The mid housing section may have one or more flow ports and one or more
equalization ports formed through a wall thereof. One of the sleeve sections
may
have one or more equalization slots formed therethrough providing fluid
communication between a spring chamber formed in an inner surface of the mid
housing section and the lower bore portion of the diverter valve 50.
One of the sleeve sections may cover the housing flow ports when the sleeve
is in the lower position, thereby closing the housing flow ports and the
sleeve section
may be clear of the flow ports when the sleeve is in the upper position,
thereby
opening the flow ports. In operation, surge pressure of the returns 47r
generated by
deployment of the LDA 9d and liner string 15 into the wellbore may be exerted
on a
lower face of the closed flapper.
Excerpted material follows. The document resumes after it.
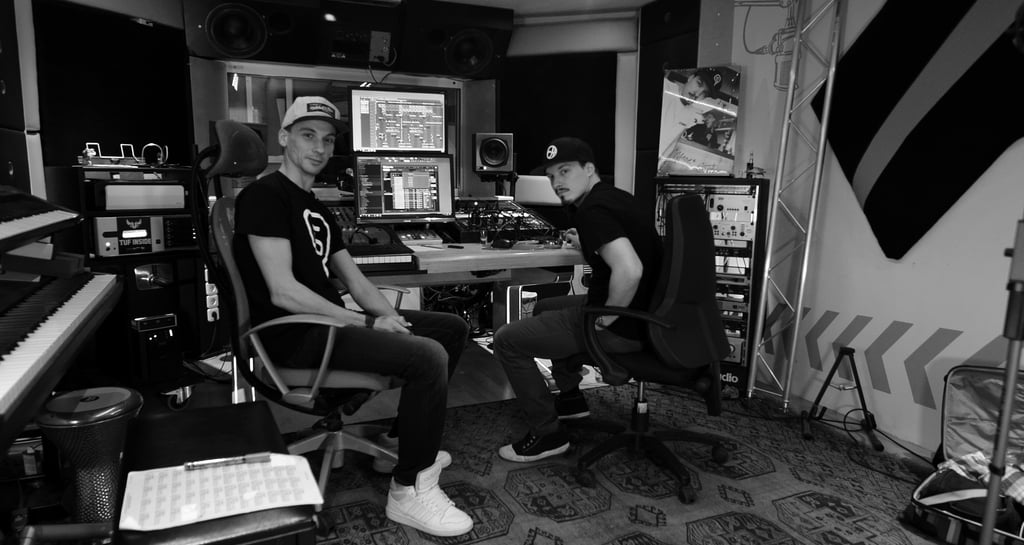 two men sitting in a recording studio producing hip-hop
The surge pressure may push the flapper
upward,
thereby also pulling the sleeve upward against the compression spring and
opening
the housing flow ports. The surging returns 47r may then be diverted through
the
open flow ports by the closed flapper. Once the liner string 15 has been
deployed,
dissipation of the surge pressure may allow the spring to return the sleeve to
the
lower position.
The junk bonnet 51 may include a piston, a mandrel, and a release valve.
Although shown as one piece, the mandrel may include two or more sections
connected to each other, such as by threaded couplings and/or fasteners. The
mandrel may have threaded couplings formed at each longitudinal end thereof
for
connection to the diverter valve 50 at an upper end thereof and the setting
tool 52 at
a lower end thereof.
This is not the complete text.